▶ _Exercise directions_
The required result is an exact copy of the lines from the one containing "Black-and-white photograph of" to the last line of the records, both ends included, without pictures.

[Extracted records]

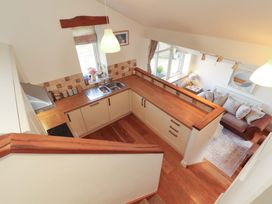 A kitchen with a counter, sink, and sofa at Hawkrigg Cottage in Kirkby Lonsdale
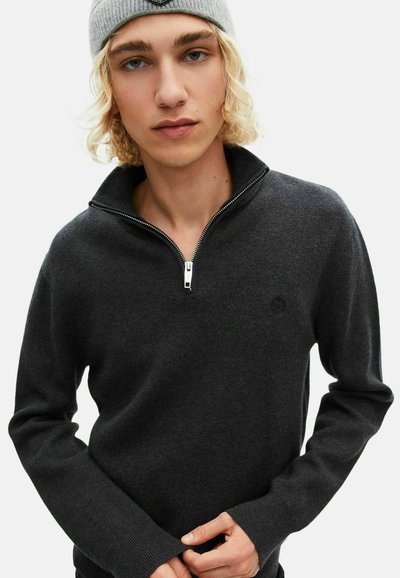 Donkergrijze zip-up trui van zacht materiaal, met een hoge kraag en geribde manchetten. Een klein logo is op de borst geborduurd.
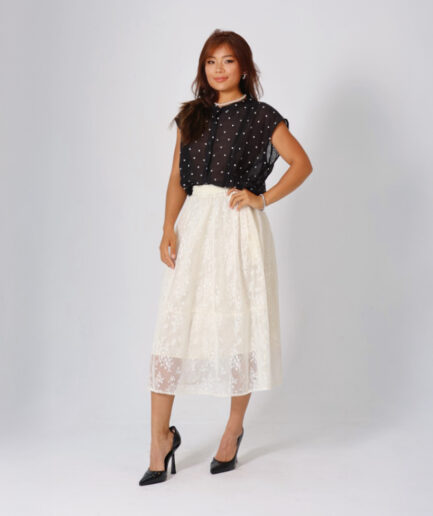 Black polka-dot sleeveless top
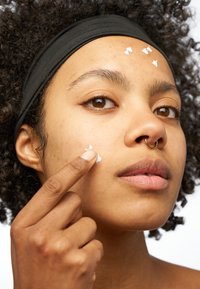 Produit de soin de la peau appliqué sur un visage, présentant un teint brun, des cheveux bouclés et un bandeau noir. Texture crémeuse blanche visible sur la peau.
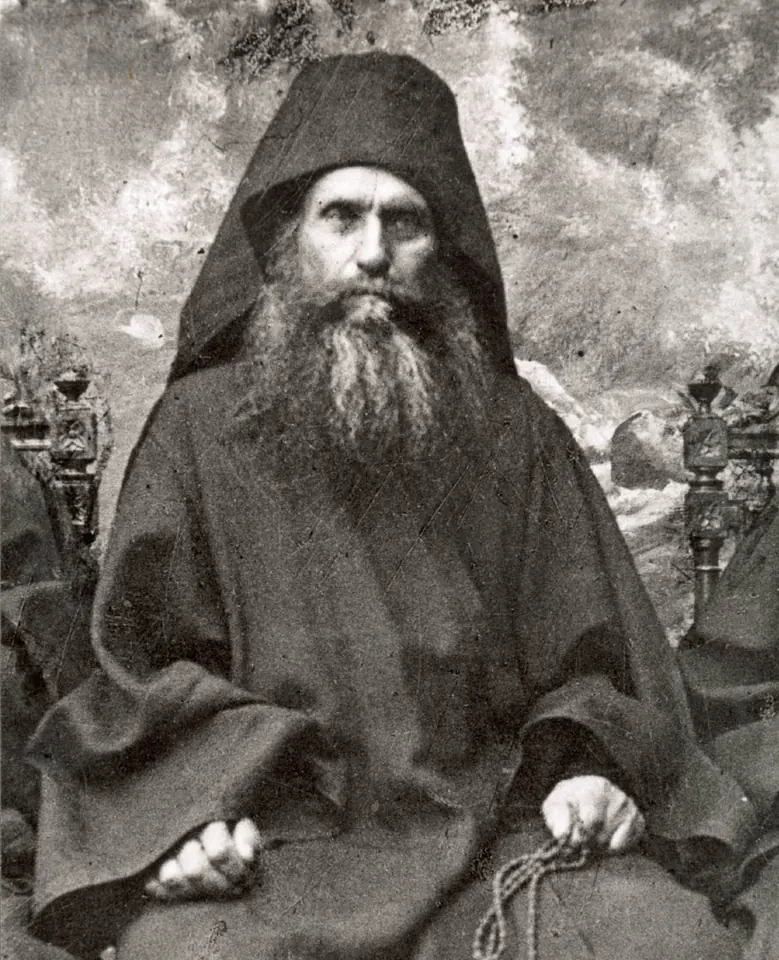 Black-and-white photograph of St. Silouan as an old monk in a black hood and habit with a long gray beard, sitting with a prayer rope in his hands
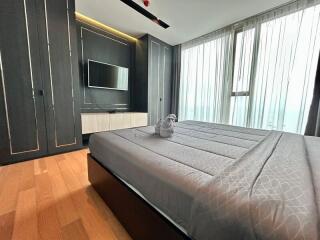 Modern bedroom with wooden flooring, large windows, and a mounted TV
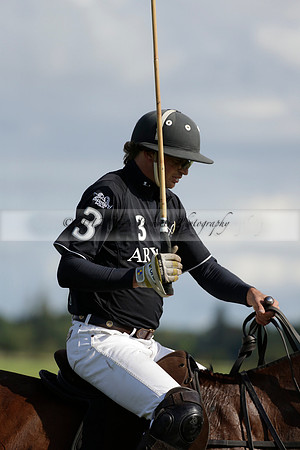 Aryana (black) v Shoreline (yellow) in a Farewell Cup polo match played on Ambersham 5 at Cowdray Park Polo Club on Wednesday 18 September 2013. www.polopictures.co.uk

▶ _Finished task_
 Black-and-white photograph of St. Silouan as an old monk in a black hood and habit with a long gray beard, sitting with a prayer rope in his hands
 Modern bedroom with wooden flooring, large windows, and a mounted TV
 Aryana (black) v Shoreline (yellow) in a Farewell Cup polo match played on Ambersham 5 at Cowdray Park Polo Club on Wednesday 18 September 2013. www.polopictures.co.uk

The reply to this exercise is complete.